Arthur Andersen’s reports on our consolidated financial statements for the fiscal year ending August 31, 2001 did not contain an adverse opinion or disclaimer of opinion, nor were such reports qualified or modified as to uncertainty, audit scope or accounting principles.
During the fiscal year ended August 31, 2001 and through June 26, 2002, there were (i) no disagreements with Arthur Andersen on any matter of accounting principles or practices, financial statement disclosure or auditing scope or procedure, which disagreement(s), if not resolved to Arthur Andersen’s satisfaction would have caused Arthur Andersen to make a reference to the subject matter of the disagreement(s) in connection with Arthur Andersen’s report or (ii) no reportable events as defined in Item 304(a)(1)(v) of Regulation S-K.

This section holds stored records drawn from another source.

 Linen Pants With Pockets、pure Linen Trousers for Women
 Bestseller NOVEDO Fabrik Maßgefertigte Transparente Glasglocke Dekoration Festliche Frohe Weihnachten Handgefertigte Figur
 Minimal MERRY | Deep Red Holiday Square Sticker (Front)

We have previously provided Arthur Andersen with a copy of the foregoing disclosures, and Arthur Andersen has delivered to us a letter dated June 26, 2002 stating that it has found no basis for disagreement with such statements.

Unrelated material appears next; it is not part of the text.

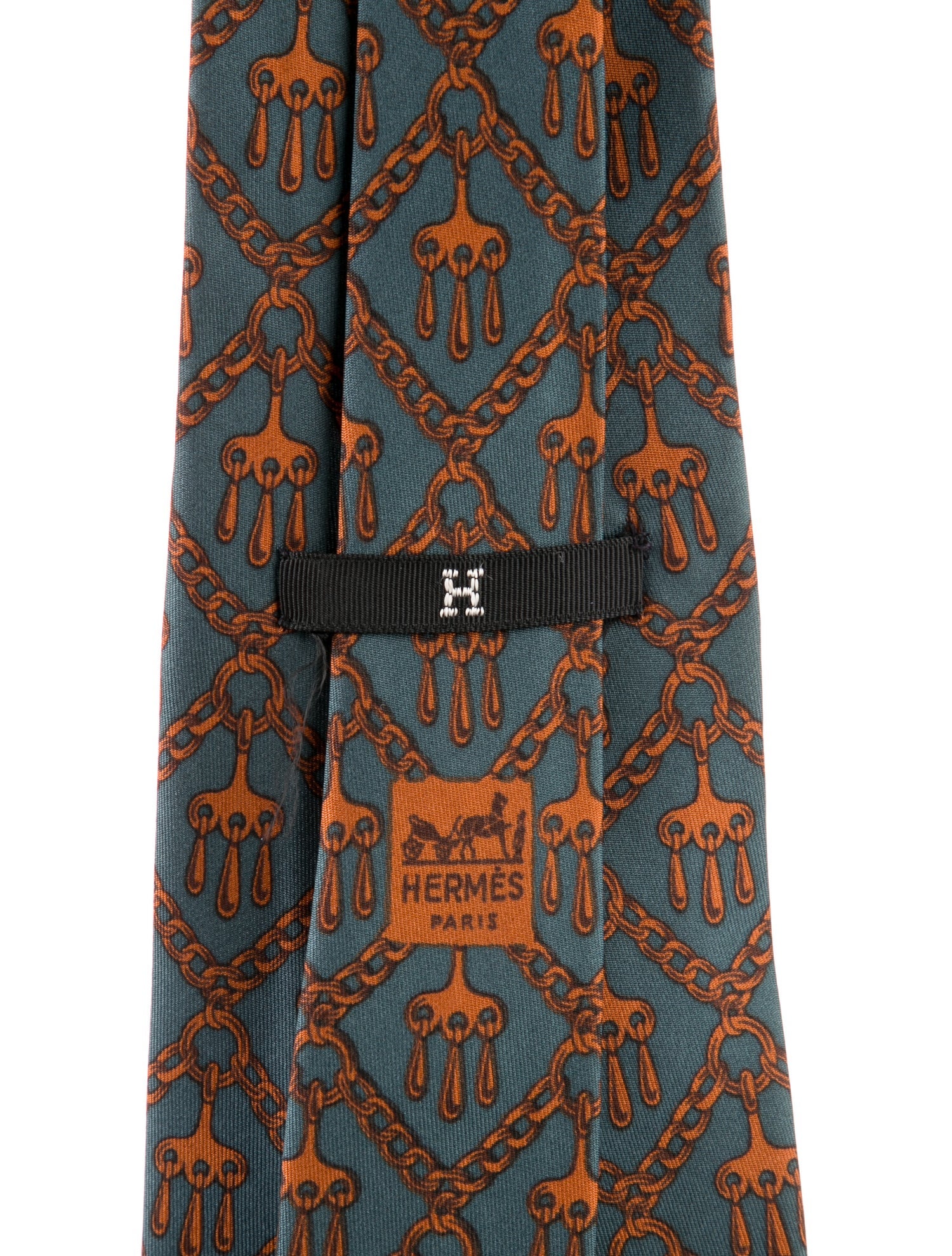 Hermès Silk pattern print tie.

During the fiscal year ended August 31, 2001 and through June 26, 2002, we did not consult Ernst & Young with respect to the application of accounting principles to a specified transaction, whether completed or proposed, or the type of audit opinion that might be rendered on our consolidated financial statements, or any other matters or reportable events as set forth in Items 304(a)(2)(i) and (ii) of Regulation S-K.